I want to make a crawler that will just keep going infinitely until a page has no links. Every time it crawls a page it returns the html of the webpage so I can parse it and get the title, meta tags, and information from article or p tags. I basically want it to look like this:
while(num_links_in_page > 0){
html = page.content
/* code to parse html */
insert_in_db(html, meta, title, info, url)
}
I am using php, javascript, and MySQL for the DB but I have no problem switching to python or any other language, I do not have much money for distributed systems, but I need it to be fast and not take 20 minutes to crawl 5 links like my current crawler I made from scratch does, which also stops after about 50 links.
2
Answers
What have you tried to further your progress? You need a lot more than what you have above. You need something along these lines below:
http://talkerscode.com/webtricks/create-simple-web-crawler-using-php-and-mysql.php
The slowest part of your crawler is fetching the page. This can be solved via multiple processes (threads) running independently of one another. Perl can spawn processes. PHP 8 has "parallel". Shell scripts (at least on Linux-like OSs) can run things in the "background". I recommend 10 simultaneous processes as a reasonable tradeoff among various competing resource limits, etc.
For Perl, CPAN’s "Mechanize" will do all the parsing for you and provide an array of links.
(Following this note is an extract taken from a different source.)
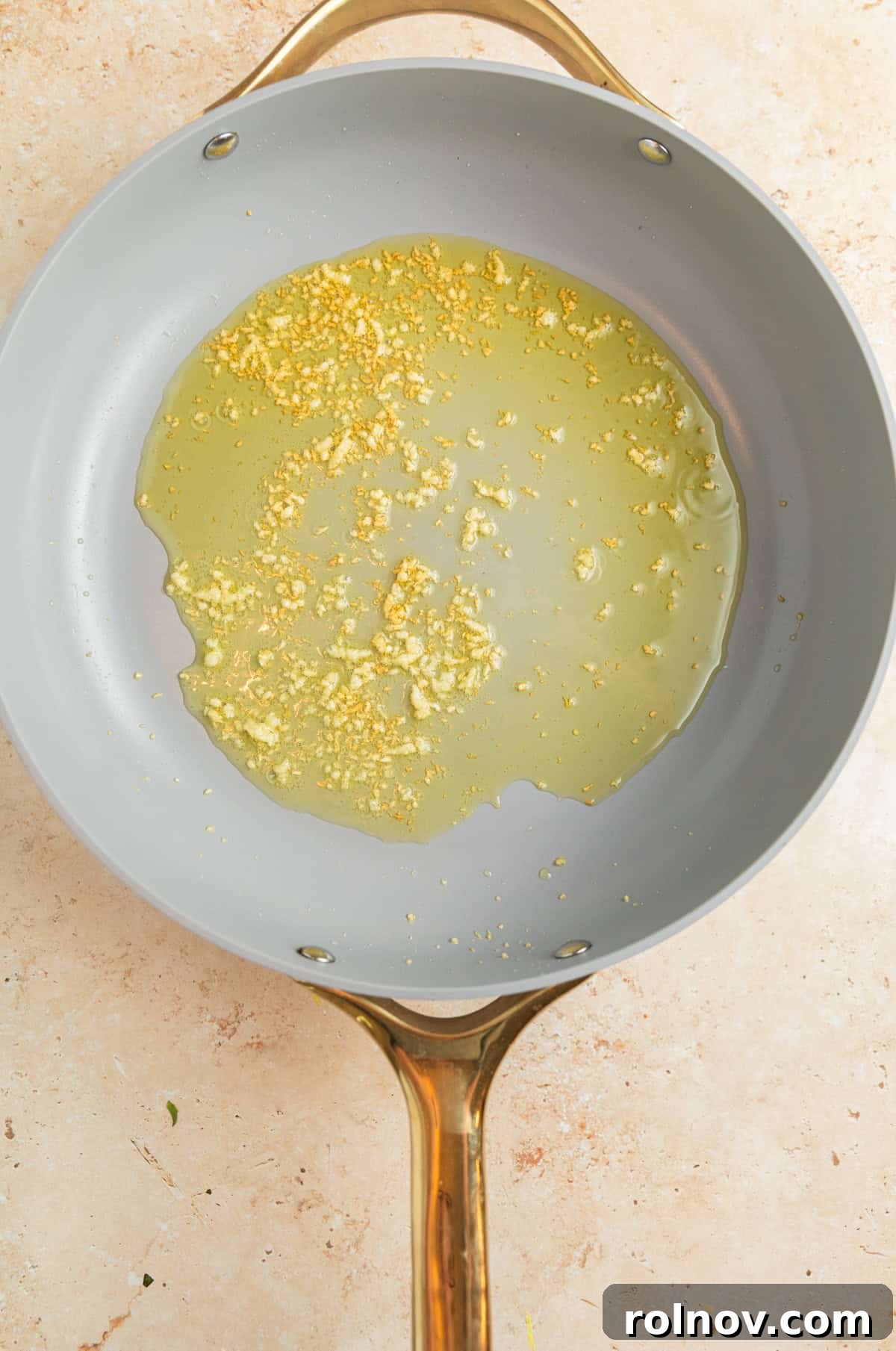 Sun-Kissed Cherry Tomato Delight 4 Olive oil glistening in a hot pan with minced garlic beginning to sauté, releasing its fragrant aroma before other ingredients are added.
The second slowest part is inserting rows into the table one at a time. Collect them up and build a multi-row "batch"
INSERT
. I recommend limiting the batch to 100 rows.You also need to avoid crawling the same site repeatedly. To assist with that, I suggest a
TIMESTAMP
be included with each row. (Plus other logic.)With the above advice, I would expect at least 10 new links per second. And no "stop after 50". OTOH, there are several things that can cause slowdowns or hiccups — huge pages, distant domains, access denied, etc.
Also, don’t pound on a single domain. Perhaps a DOS monitor saw 50 requests in a few seconds and blacklisted your IP address. So, be sure to delay several seconds between following a link to any domain you have recently fetched a page from.
Even without my above advice, your "20", "5", and "50" seem to point to other bugs.